For me, one of the joys of travelling to games and arenas in the province of Quebec is that the infrastructure there is largely unchanged from the way it was when it was built. Seeing places like the Arena Jacques-Plante, the Stade L.P. Gaucher, or the Verdun Auditorium is like stepping back in time, in a way that's almost completely not possible anymore in Ontario. The Colisée Cardin in Sorel-Tracy, though, bucks the trend. While it's an older building, it has been extensively renovated within the past few years, and feels completely new in a lot of ways.
Sorel itself is an out-of-the-way city on the south shore of the St. Lawrence, with an Autoroute connecting it to Montreal, but otherwise your choices are either two-lane roads or the ferry across the river. The Colisée sits on the fringe between an older residential neighbourhood and a shopping area, and looks fresh and new from the outside, with brand-new red bricks and steel cladding. For ordinary use, the main entrance is locked, but the side door gives access to the building.

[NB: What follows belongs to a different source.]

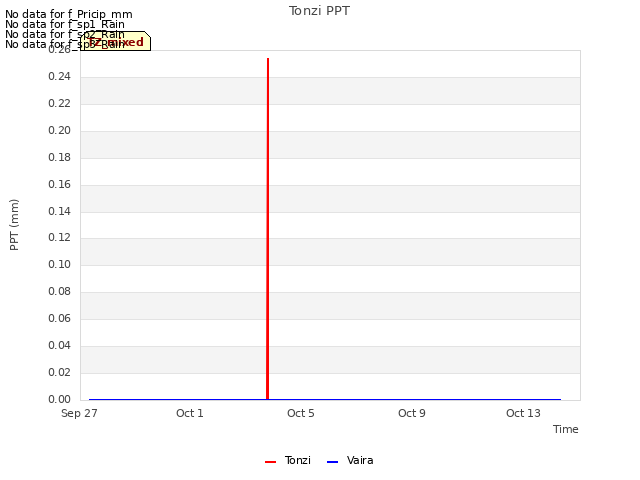 Explore the graph:Tonzi PPT in a new window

Inside, the Colisée has a small, low-ceilinged concourse under the seats and a pro shop by the door, and in no time at all you find yourself in the main arena. With the exception of the wooden ceiling and the support columns blocking off the standing room sections, there aren't really any signs you're in a building past its fiftieth year. All the seats are new and maroon, and form a ring around the ice. There is a section of benches in one end of the rink extending to the ceiling, but it appears that seats could easily be installed if demand ever warranted. A new scoreclock hangs in the end, and there aren't any banners hanging, which was disappointing considering that one of the greatest ever to play the game - Raymond Bourque - played his junior years here.
In terms of future possibility, the arena is of a higher quality than at least half of the Telus division right now, but Sorel-Tracy is small, out of the way, and probably nowhere on the Q's future expansion radar. It's also an interesting anomaly in terms of Quebec's arenas - the old barn that feels like a new one.